Nitric oxide-sensitive guanylyl cyclase signaling affects CO2-dependent, but not pressure-dependent regulation of cerebral blood flow
AJP Regulatory Integrative and Comparative Physiology
Published online on March 29, 2017
Abstract
Cerebrovascular CO2 reactivity is affected by nitric oxide (NO). We tested the hypothesis that sildenafil selectively potentiates NO-cGMP signaling affects CO2 reactivity. Fourteen healthy males (34±2 years) were enrolled in the study. BP, ECG, velocity of cerebral blood flow (CBF, measured by TCD), end tidal CO2 (EtCO2) were assessed at baseline (CO2 ~ 39 mm Hg), during hyperventilation (CO2 ~ 24 mm Hg), hypercapnia (CO2 ~ 46 mm Hg), boluses of phenylephrine (25-200 µg) and during graded head-up tilting (HUT).

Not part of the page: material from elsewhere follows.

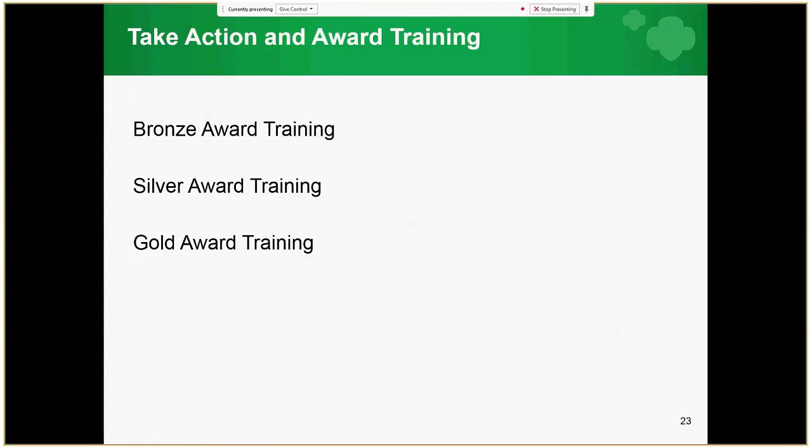Now that you have an understanding of what a Take Action project is, you are ready to review the award training for the award you are pursuing. Please go to the recording on the Girl Scouts Dakota Horizons website for the highest award you would like to learn more about.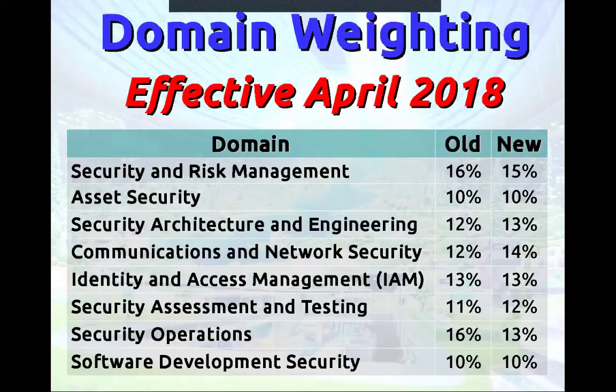In April they're going to be changing the content of the exam. They've announced some things — not a lot has changed. As far as domain weighting, they took some points out of security operations and risk management and assigned them to other areas. The biggest growth is communication and network security, which went from 12% to 14% of the exam. ISC-squared typically has six versions of the exam, and five of the versions are very heavy in two or three domains, while one is pretty evenly distributed across all domains.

Measurements were repeated one hour after taking 100 mg sildenafil. Results showed that sildenafil did not affect resting BP, HR, CBF peak and mean velocities, eCVR (mean BP/mean CBF), breath/min, and EtCO2: 117±2/67±3 mm Hg, 69±3 bpm, 84±5 and 57±4 cm/sec, 1.56±0.1 mmHg/cm*sec, 14±0.5 breaths/min and 39±0.9 mm Hg, respectively. Sildenafil increased and decreased the hypercapnia-induced in CBF and eCVR, respectively. Sildenafil also attenuated the decrease in peak velocity of CBF, 25±2% vs. 20±2% (p<0.05), and increased the eCVR, 2.5±0.2% vs. 2±0.2% (p<0.03) during hyperventilation. Sildenafil did not affect CBF despite significant increases in the eCVRs that were elicited by phenylephrine and HUT. This investigation suggests that sildenafil, which potentiates the NO-cGMP signaling, seems to affect the cerebrovascular CO2 reactivity without affecting the static and dynamic pressure-dependent mechanisms of cerebrovascular autoregulation.